◆ EXERCISE DETAILS
What is needed is an exact copy of the entries below, with the pictures left out.

'''

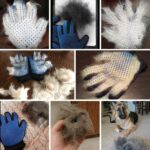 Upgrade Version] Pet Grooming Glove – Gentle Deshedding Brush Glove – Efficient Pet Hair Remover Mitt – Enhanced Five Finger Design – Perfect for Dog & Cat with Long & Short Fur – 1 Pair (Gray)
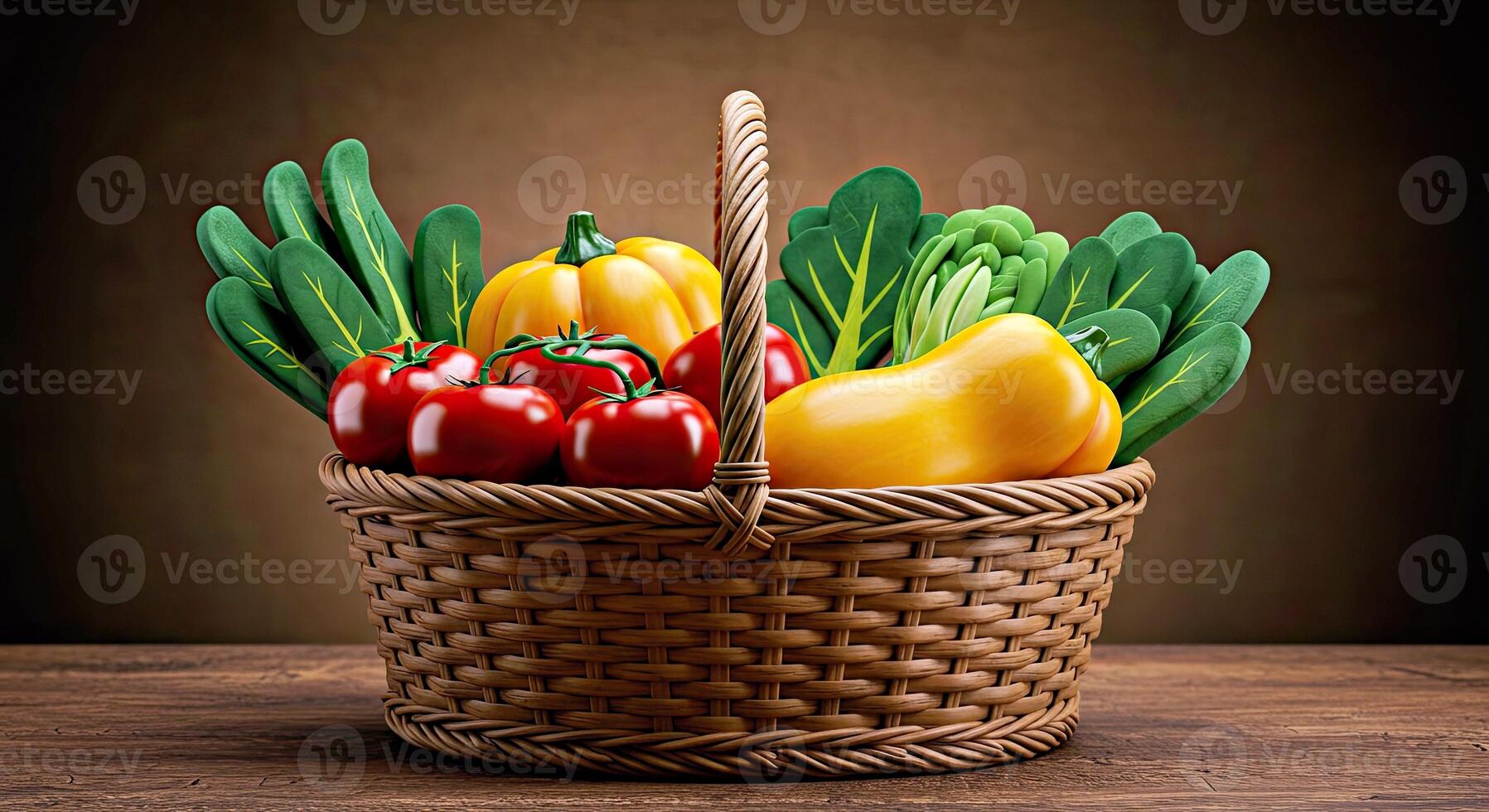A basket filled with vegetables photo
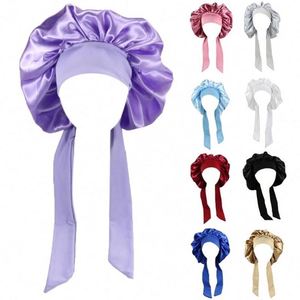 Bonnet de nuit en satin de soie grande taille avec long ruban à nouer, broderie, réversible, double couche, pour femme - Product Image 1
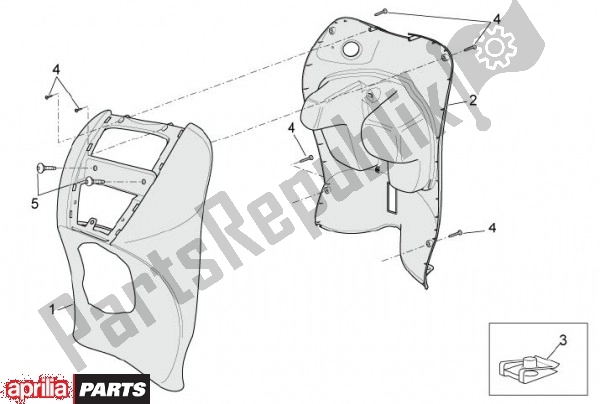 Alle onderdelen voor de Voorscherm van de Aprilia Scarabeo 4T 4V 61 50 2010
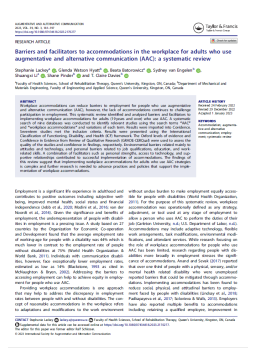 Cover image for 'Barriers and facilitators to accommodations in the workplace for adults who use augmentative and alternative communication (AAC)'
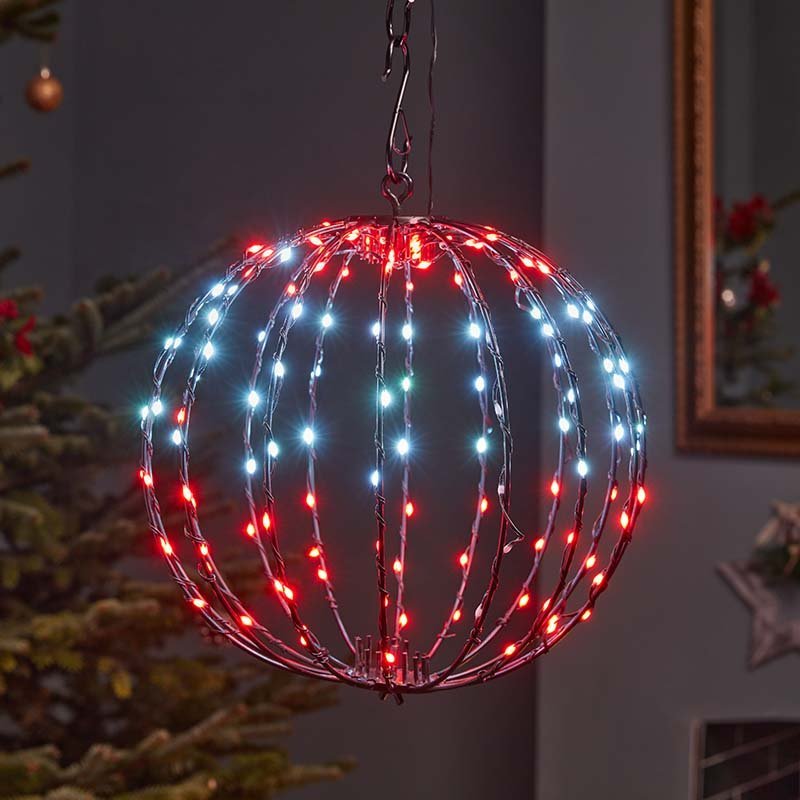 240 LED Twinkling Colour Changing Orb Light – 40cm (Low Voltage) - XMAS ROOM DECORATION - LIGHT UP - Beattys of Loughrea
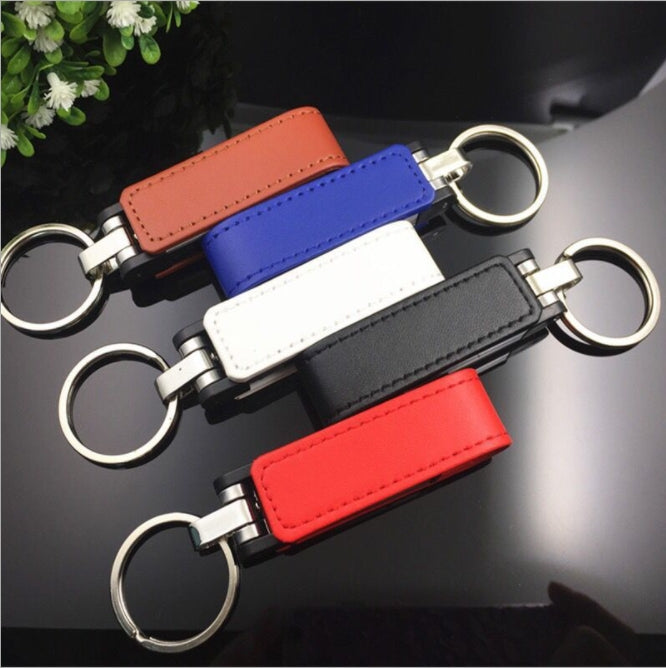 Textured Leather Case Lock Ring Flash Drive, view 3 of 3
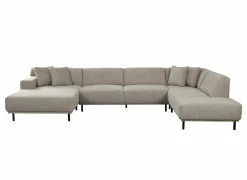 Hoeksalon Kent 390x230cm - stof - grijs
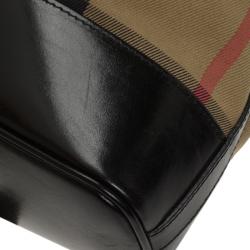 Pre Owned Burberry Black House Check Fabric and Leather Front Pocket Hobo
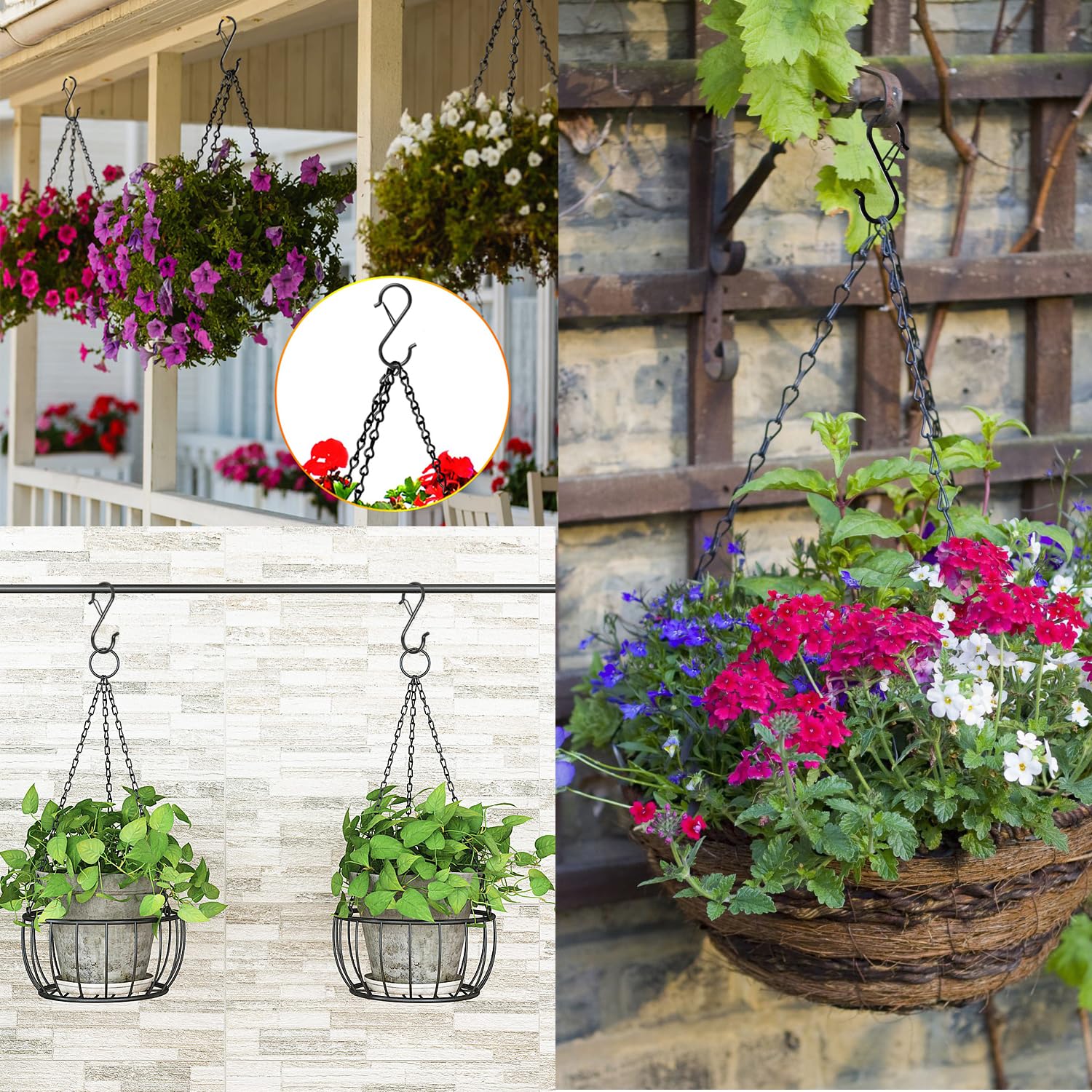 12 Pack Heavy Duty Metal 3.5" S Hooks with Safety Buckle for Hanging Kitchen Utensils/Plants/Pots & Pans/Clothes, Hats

'''

◆ OUTPUT FOR THIS TASK
 Upgrade Version] Pet Grooming Glove – Gentle Deshedding Brush Glove – Efficient Pet Hair Remover Mitt – Enhanced Five Finger Design – Perfect for Dog & Cat with Long & Short Fur – 1 Pair (Gray)
A basket filled with vegetables photo
 Bonnet de nuit en satin de soie grande taille avec long ruban à nouer, broderie, réversible, double couche, pour femme - Product Image 1
 Alle onderdelen voor de Voorscherm van de Aprilia Scarabeo 4T 4V 61 50 2010
 Cover image for 'Barriers and facilitators to accommodations in the workplace for adults who use augmentative and alternative communication (AAC)'
 240 LED Twinkling Colour Changing Orb Light – 40cm (Low Voltage) - XMAS ROOM DECORATION - LIGHT UP - Beattys of Loughrea
 Textured Leather Case Lock Ring Flash Drive, view 3 of 3
 Hoeksalon Kent 390x230cm - stof - grijs
 Pre Owned Burberry Black House Check Fabric and Leather Front Pocket Hobo
 12 Pack Heavy Duty Metal 3.5" S Hooks with Safety Buckle for Hanging Kitchen Utensils/Plants/Pots & Pans/Clothes, Hats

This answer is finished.